The authors introduce a framework for tracking short, distinctive phrases that travel intact through on-line text (leskovec2009). Prior work identified the following two main approaches to tackle this problem:

  • using propabilistic term mixtures (long range trends in general topics) [5,7,16,17,30,31]
  • extracting hyperlinks and rare named entities (short information cascades) [3,14,20,23]
Their paper focuses on short units of texts, phrases and memes which are supposed to act as signatures for a topic or event (and are located between propabilitistic term mixtures and hyperlinks/rare named entities).

Method: The goal of the presented approach is creating a phrase cluster which collects phrases which are close textual variants of each other.
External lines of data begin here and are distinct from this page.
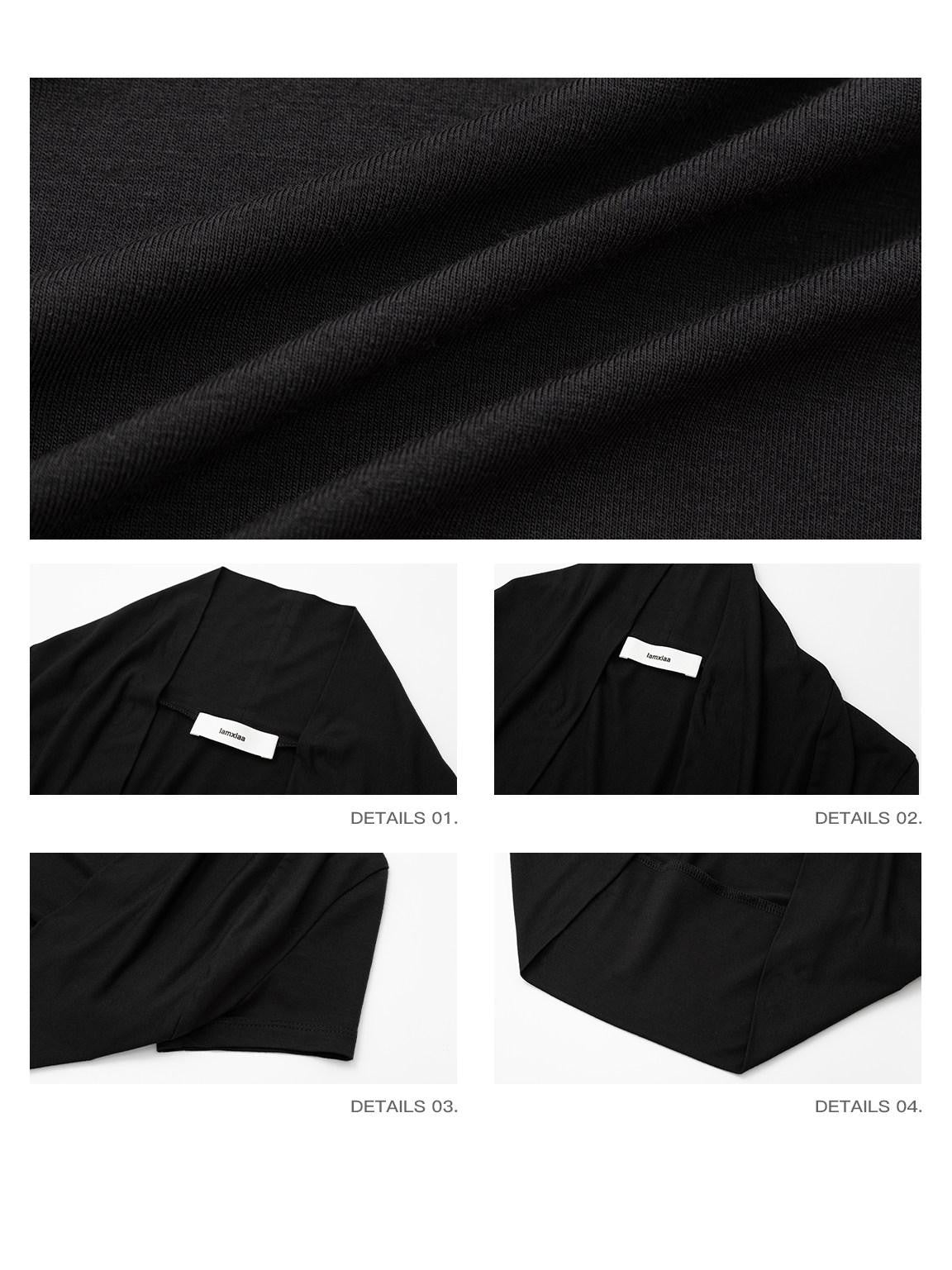 iamxiaa Black Diagonal Natural Pleated Short Slim Women&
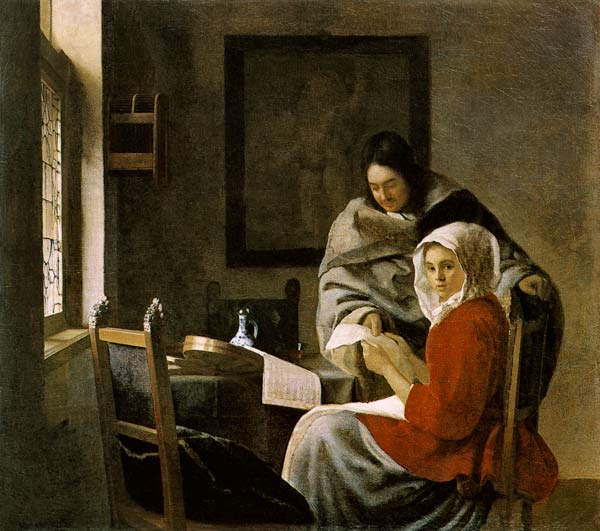 Ein musizierendes Mädchen wird in ihrer musik unterbrochen van Johannes Vermeer 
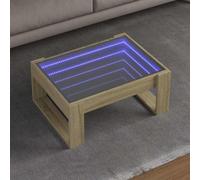 Fangmaliuyun Table basse avec LED Infinity 70 x 53 x 30 cm - Chêne Sonoma - Bois et verre - Éclairage RVB - Design moderne - Robuste et durable - Pour salon, chambre, bureau, salon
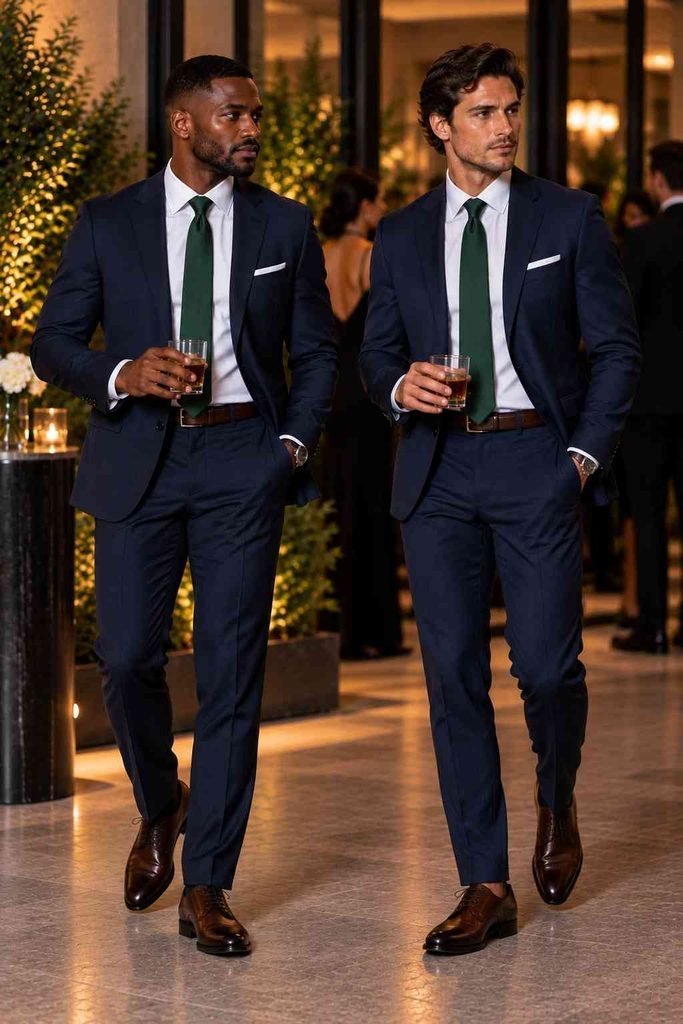 Navy Suit + White Shirt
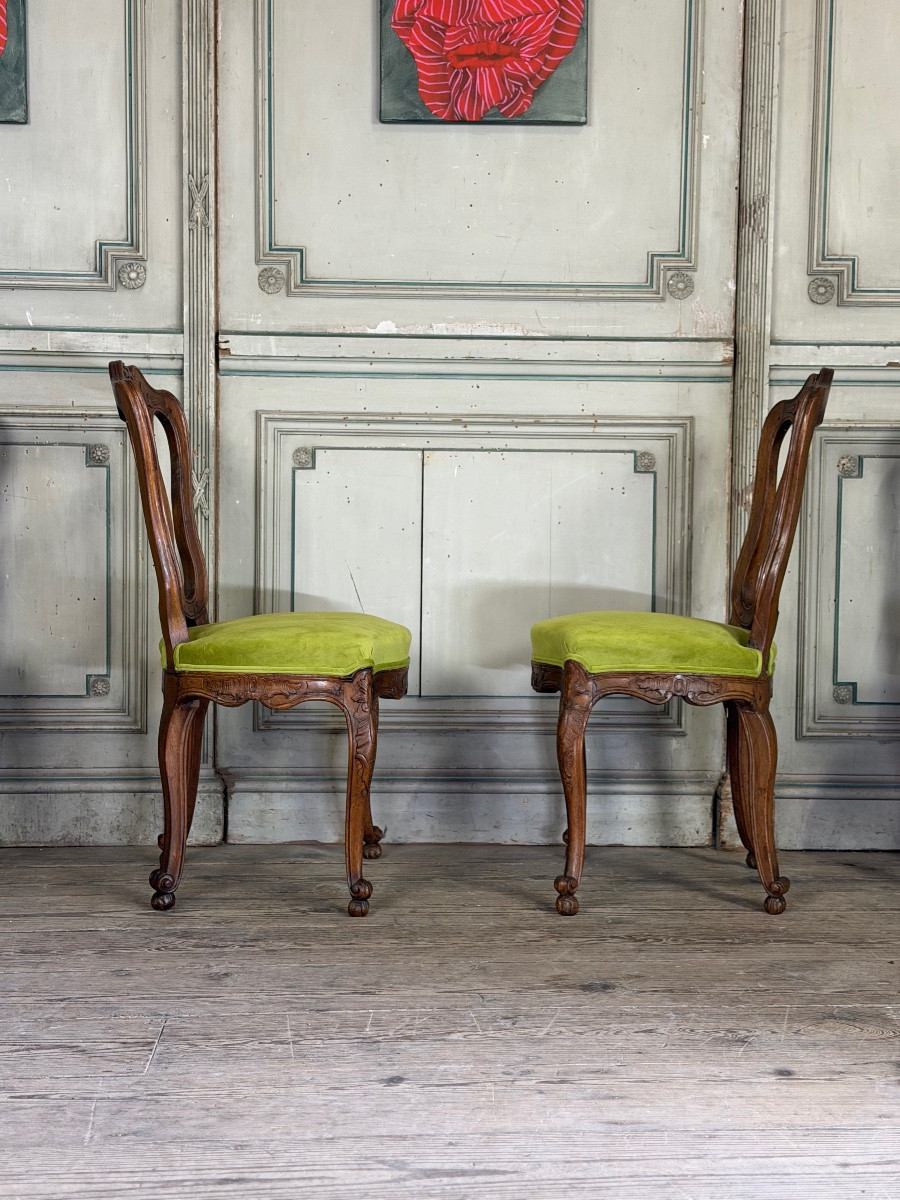 Set Of 12 Louis XV Chairs In Carved Wood, Liège, 18th Century -photo-5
For each cluster the authors draw the number of documents matching phrases in the cluster over time to illustrate how the attention a certain topic/meme is getting changes over time. (this is done for blogs as well as for news media to determine the time lag between these two outlets)

Evaluation: The authors tracked 1.6 million mainstream media sites and blogs over a period of three months yielding a total of 90 million articles. They identify a time lag of approximately 2.5 hours between peaks in media sites and the blogsphere and discuss global models for temporal variations and a local analysis of the peak intensity and the news/blog interactions.